First dbinom() gives the PMF of a binomial random variable \[ p_X(x) = \binom{n}{x} p^x (1 - p)^{n - x} . \] The function takes three arguments:

The first argument is \(x\), the value at which the PMF should be evaluated.
The second argument is \(n\), the number of trials.
The third argument is \(p\), the probability of success for each trial.

So for example, if \(X \sim \text{Bin}(10, 0.4)\) and you want to calculate \(p_X(5) = \mathbb P(X = 5)\), then you can find this as

n <- 10
p <- 0.4
dbinom(5, n, p)

## [1] 0.2006581

or just dbinom(5, 10, p), for short.

You can also put give a vector as the argument for \(x\), if you want multiple values of the PMF. For example, to find \(p_X(6)\), \(p_X(7)\) and \(p_X(9)\) together, you can use

dbinom(c(6, 7, 9), n, p)

## [1] 0.111476736 0.042467328 0.001572864

Exercise 7.1. Let \(X \sim \text{Bin}(20, 0.6)\).
(a) Calculate \(\mathbb P(X = 13)\).
(b) By using dbinom() together with sum(), calculate \(\mathbb P(12 \leq X \leq 15)\).

Second, pbinom() gives the CDF \[ F_X(x) = \mathbb P(X \leq x) = \sum_{y = 0}^x \binom{n}{y} p^y (1 - p)^{n - y} . \] The arguments go in the same order \(x, n, p\), as before, and \(x\) can be a vector.
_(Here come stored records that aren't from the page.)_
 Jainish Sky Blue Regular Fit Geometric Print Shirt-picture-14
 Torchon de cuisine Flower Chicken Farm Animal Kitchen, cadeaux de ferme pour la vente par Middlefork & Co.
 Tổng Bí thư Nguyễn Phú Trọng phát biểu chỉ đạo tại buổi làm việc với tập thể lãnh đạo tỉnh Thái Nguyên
Suppose \(X \sim \text{Bin}(10, 0.4)\) again. Then the probability that \(X\) is at most 6 is

pbinom(6, n, p)

## [1] 0.9452381

In addition, pbinom() also has an extra optional argument lower.tail = ... which can be set to

lower.tail = TRUE to calculate the CDF as above. This is the default, which means the CDF is what is calculated if you don’t use the lower.tail argument at all.
lower-tail = FALSE to instead calculate the upper-tail probability \(1 - F(x) = \mathbb P(X > x)\). Note that that is strictly greater than \(x\), not greater-than-or-equal.
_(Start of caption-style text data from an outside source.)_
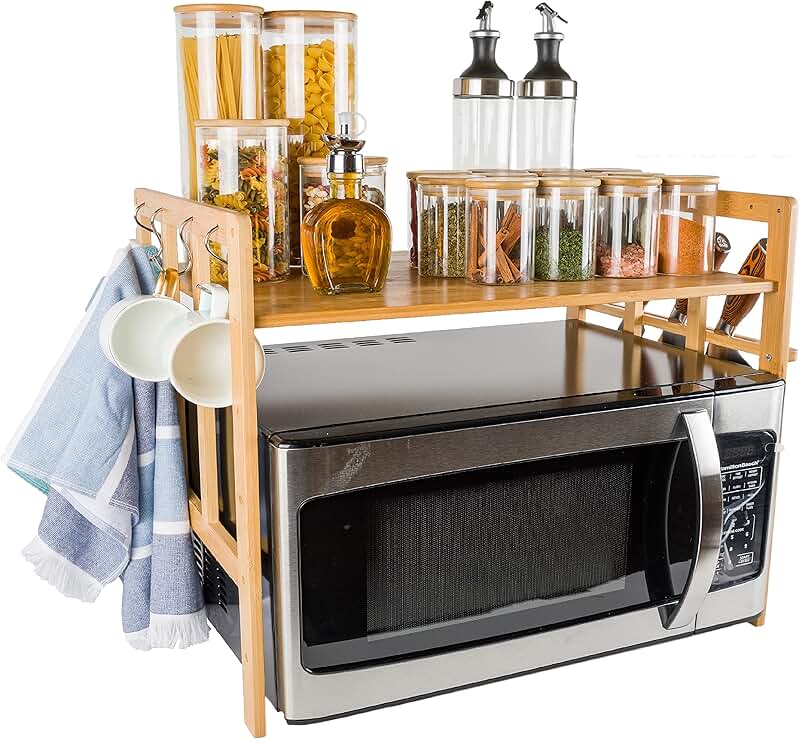 Bamboo Microwave Oven Rack with Hooks and Knife Holder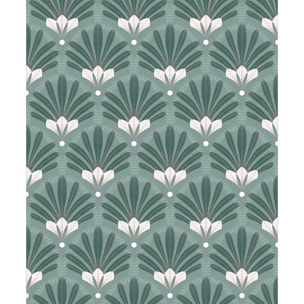 Papier peint éventails Art Nouveau bleu canard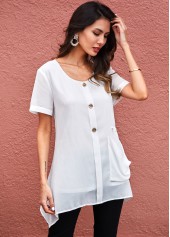 Asymmetric Hem Button Detail Pocket Soft Blouse
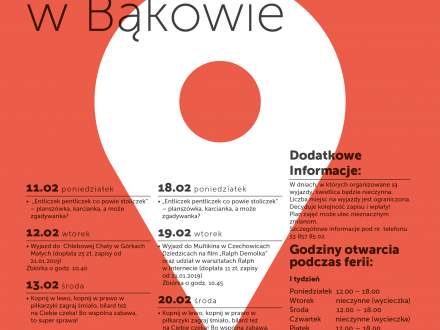 Ferie zimowe 2019 - świetlica w Bąkowie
Exercise 7.2. Let \(X \sim \text{Bin}(20, 0.6)\) again.
(a) Calculate \(\mathbb P(X \leq 12)\).
(b) Calculate \(\mathbb P(X \leq x)\) for all \(x\) between 0 and 20, with all answer rounded to 2 decimal places.
(c) Calculate \(\mathbb P(X \geq 16)\). (Careful: that’s a greater-than-or-equal sign.)
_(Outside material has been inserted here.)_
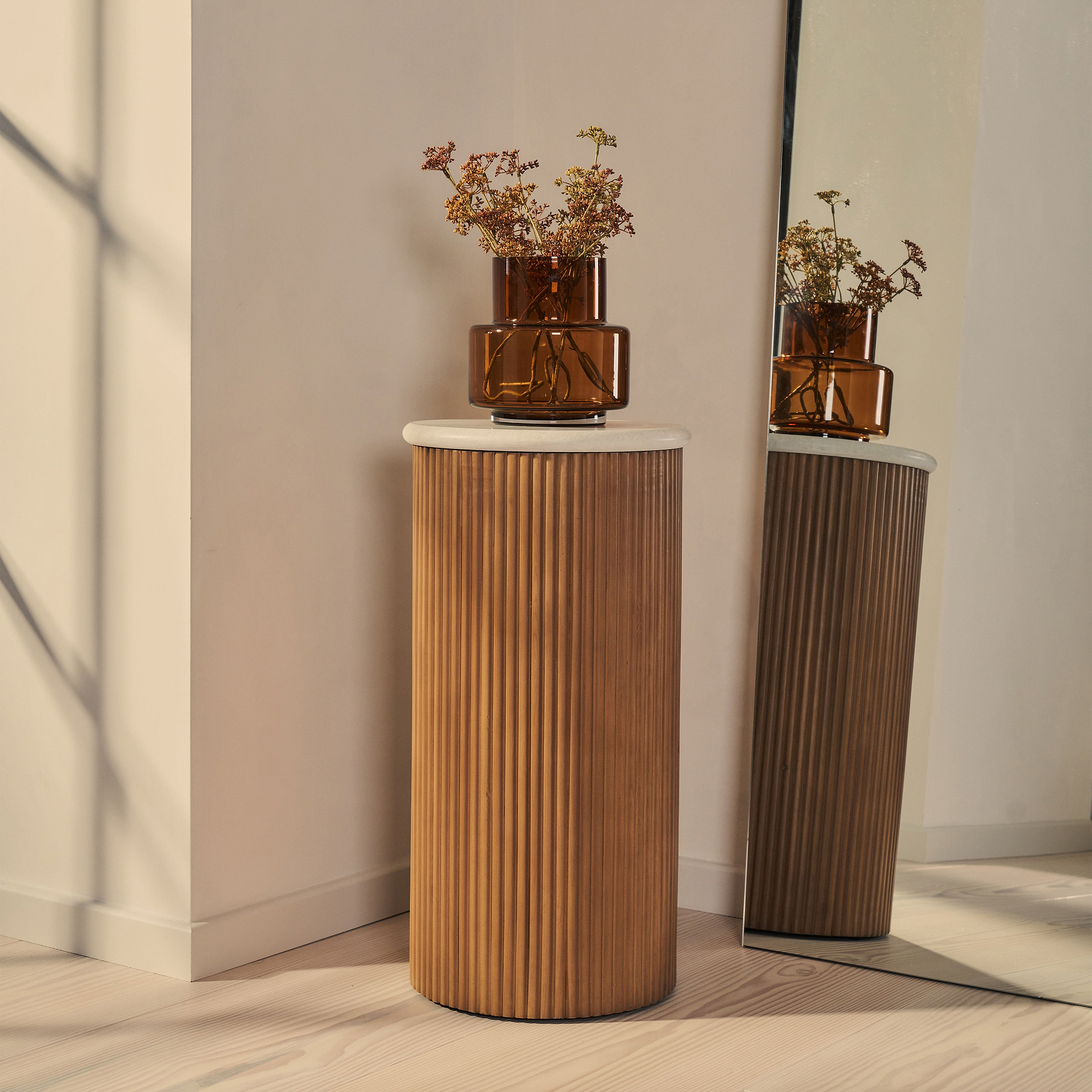 Cove - Warm Wood Ribbed Plinth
Third, qbinom() gives the quantile function. That is, for \(0 \leq f \leq 1\), the command qbinom(f, n, p) gives the value \(x\) such that \(F(x) = f\), where \(F(x) = \mathbb P(X \leq x)\), if there is such an \(f\). If \(F(x) = f\) does not have an exact solution, then qbinom(f, n, p) gives the smallest \(x\) such that \(F(x) \geq p\). To put it another way, the quantile function is the inverse of the CDF, \(F^{-1}(f) = x\). To put it yet another way, qbinom() answers the question “How large an \(x\) do I need to be at least \(100f\%\) sure that \(X \leq x\).

The quantile function is not as important as the other functions here, and we will not use it very often.

As before, the first argument can be a vector, and the lower.tail = ... argument can be optionally used find the inverse of the upper-tail function \(1 - F(x) = \mathbb P(X > x)\).

Exercise 7.3. Let \(X \sim \text{Bin}(20, 0.6)\) again. What is the smallest number \(x\) such that \(X\) is 95% likely to be less than \(x\).

Finally, rbinom() can be used to simulate random outcomes of a binomial random variable. Here, the first argument is the number of samples one wants, then \(n\) and \(p\), as before. Here, for example, are 20 samples of a \(\text{Bin}(10, 0.4)\) random variables:

rbinom(20, n, p)

##  [1] 5 4 2 4 4 3 3 4 7 5 6 4 5 4 5 3 6 2 4 3

Exercise 7.4. Let \(X \sim \text{Bin}(20, 0.6)\) again.
(a) Generate 1000 random samples from \(X\), and store them in a variable called samples.
(b) Draw a histogram of your samples data.
(c) Calcultate the mean of your samples data.
(d) You should find that your answer to part (d) is close to 12. Why do you think this is?

Poisson distribution

The functions for the Poisson distribution look very similar to those for the binomial distribution, except that instead of \(n\) and \(p\), there is just a single rate parameter \(\lambda\).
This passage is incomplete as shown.